Former Head of State Yakubu Gowon has accused the late Biafran leader, Chukwuemeka Odumegwu Ojukwu, of frustrating every effort to keep Nigeria from civil war. Gowon makes the charge in his new autobiography, My Life of Service and Allegiance, and he places the blame for the failed Aburi Accord squarely on Ojukwu. Meanwhile, the memoir reopens one of the most painful chapters in the nation’s history.
Inside the failed Aburi Accord
Gowon writes that both sides met in Aburi, Ghana, in January 1967, while distrust within the military was already deepening. Ghana’s then-leader, Lt. Gen. Joseph Arthur Ankrah, brokered the meeting, which drew Nigeria’s top officers at a moment of acute strain. Specifically, Gowon says the federal government went to the talks hoping to save the federation. “We went to Aburi with open minds and with the sincere hope of finding a basis for national reconciliation,” he wrote. However, the two delegations left Ghana with very different readings of what they had agreed.
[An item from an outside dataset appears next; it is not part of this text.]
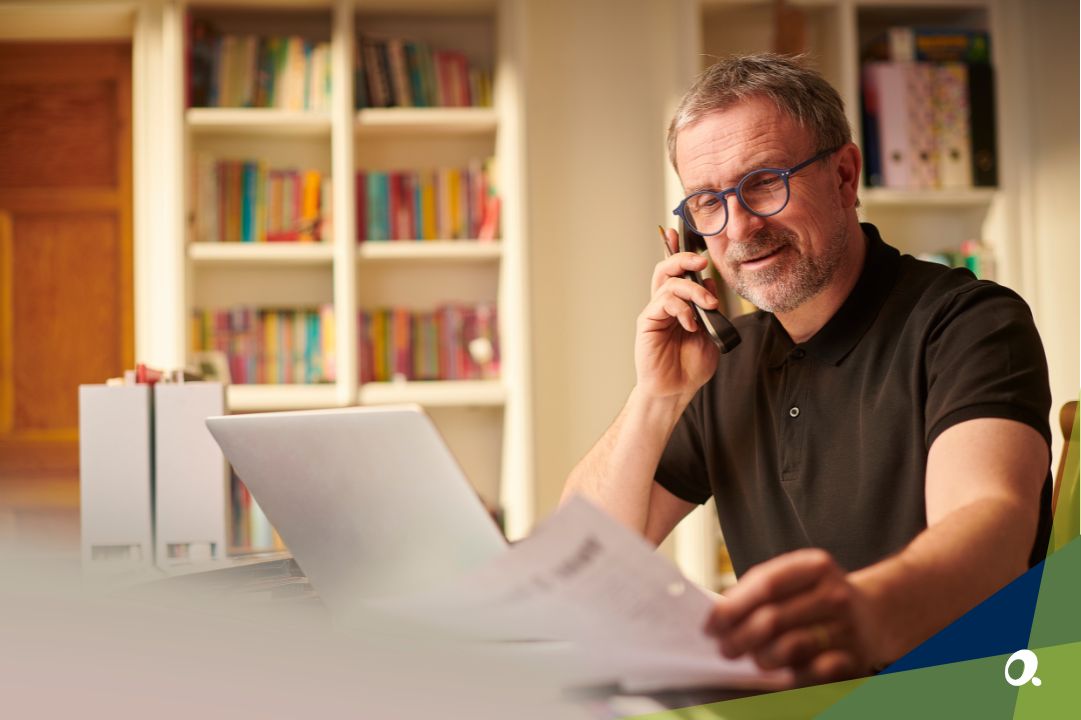 Man working from home office, speaking on the phone while reviewing financial documents on a laptop.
According to Gowon, Ojukwu then presented his own version as the binding accord. Moreover, he argues that Ojukwu’s reading would have stripped the federal government of real authority and left Nigeria too weak to survive as one country. The former ruler insists that he negotiated in good faith throughout. Indeed, the autobiography revives a long debate over whether Aburi was Nigeria’s last real chance for peace.
Killings and collapsing trust
Gowon also revisits the 1966 coups and the killings of Igbos in the north that followed. He admits the massacres troubled him deeply and made national reconciliation far harder. “I understood the fears of the Easterners. But the breakup of Nigeria was never an option I could accept,” he wrote.
As tension rose, he says, communication between the two camps steadily broke down before Biafra’s declaration on May 30, 1967. Consequently, compromise slipped further out of reach. “We were confronted with a situation in which compromise was becoming almost impossible,” he wrote.
Defending the war and its aftermath
Gowon defends the creation of 12 states shortly before the declaration, saying the move answered minority fears of domination. Additionally, he rejects claims that his government wanted war, insisting confrontation became unavoidable only after Ojukwu declared Biafra. “Ojukwu’s declaration of Biafra left the federal government with no choice,” he wrote.
The former leader also stands by his “No Victor, No Vanquished” policy at the war’s end in January 1970. While the conflict claimed millions of lives, he says the country needed reconciliation rather than revenge. “We fought to keep Nigeria one, not to destroy a people,” he wrote.
Ojukwu, however, maintained until his death in 2011 that Biafra arose out of necessity, after the Nigerian state failed to protect Easterners. Now, Gowon’s memoir offers a sharply different account, and it puts responsibility for the failed peace talks on the late Biafran leader. “We exhausted every peaceful avenue available to us. But Nigeria had to survive,” he wrote.